In fact, during the furlough, 18 new ETFs launched, including one from a new issuer, Syntax (read: "Newcomer's ETF Reweights S&P 500").
However, any filing that required SEC approval or guidance was not likely to receive it. That included exemptive relief requests, new trust filings, delaying amendments, exchange rule change requests and more. Furloughed SEC employees weren't even allowed to listen to voicemail or check their email. (read: "SEC Shutdown's Impact On ETFs").
As a result, the pipeline that brings ETFs from concept to launch became a logjam, with no specific timeline on when the delays would clear. Issuers that had filed for new funds before the furlough were left for more than a month with no clarity about the status of their filings, while firms that filed during the furlough may now be forced to wait weeks, even months before the SEC will consider their proposals.
Inherently, that will translate into delays both in fund launches and debuts from new ETF issuers.
Issuers Eschew Launch-By-Default
Legally speaking, new funds filed out of existing trusts by issuers with existing exemptive relief in place automatically go into effect after a 60- or 75-day waiting period, with or without SEC approval.
However, few ETF issuers were willing to risk launching their particular ETFs based on a technicality, especially if there was a chance the SEC might later go back and tell the issuers to make significant changes to the fund, or even pull it altogether.
That uncertainty has left ETF companies in a "holding pattern," said Kian Salehizadeh, senior analyst for Blockforce Capital, which runs the Reality Shares family of ETFs.
"A lot of issuers who were waiting to file might just continue to wait," he added.
Bitcoin ETF Proposal Pulled
As of yet, it is unclear how many proposed funds were impacted by the shutdown, but the furlough has resulted in at least one high-profile filing before the SEC being pulled.
On Jan. 24, Cboe withdrew its proposal for a rule change to allow the proposed VanEck/Solid X bitcoin ETF to trade on its exchange, citing the government shutdown as motivation. (Cboe Global Markets is the parent company of ETF.com.)
The filing was one of two proposals left standing among the deluge of cryptocurrency funds that had been filed for over the past year. The SEC had rejected most of those proposals last summer, but afterward had taken them under further review. The government shutdown has suspended that review indefinitely (read: "Bitcoin ETFs Not Quite Dead Yet").

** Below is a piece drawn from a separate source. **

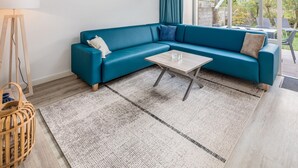 A modern living room with a teal sofa, a wooden coffee table, and a patterned rug. - Holiday Home in Oostkapelle Near the Beach (Oostkapelle)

Jan Van Eck, CEO and founder of VanEck, told CNBC that the firm planned to refile the proposal and continue dialogue with the SEC: "Instead of trying to slip through or something, we just had the application pulled."
Threat Of Shutdown 2.0 Looms
Another potential SEC shutdown looms on the horizon. Congress' temporary resolution to reopen the government expires on Feb. 15. Should the resolution expire without federal funding in place, another SEC furlough would go into effect, and operations at the agency would cease once more.
That leaves ETF issuers wanting to launch new funds with a choice: Either rush to file proposals in the two-week window in which the government is sure to remain open; or hold off filing for new funds altogether, until the shutdown drama can be resolved for good.
"As an issuer, all we can do for the new [funds] we have in the works is to prepare our legal documentation, so that everything is ready to go," said Salehizadeh. "But if this [shutdown] becomes a longer-term theme, where they open the government for three weeks, then close it, then open again, it could become a nightmare."
Ironically, the SEC's proposed ETF rule would help bolster and streamline the fund launch process, even during a shutdown, by eliminating the need for exemptive relief, among other things.
However, review of that proposed rule has also been suspended, due to the shutdown. It is unclear when, or even if, it will be restarted.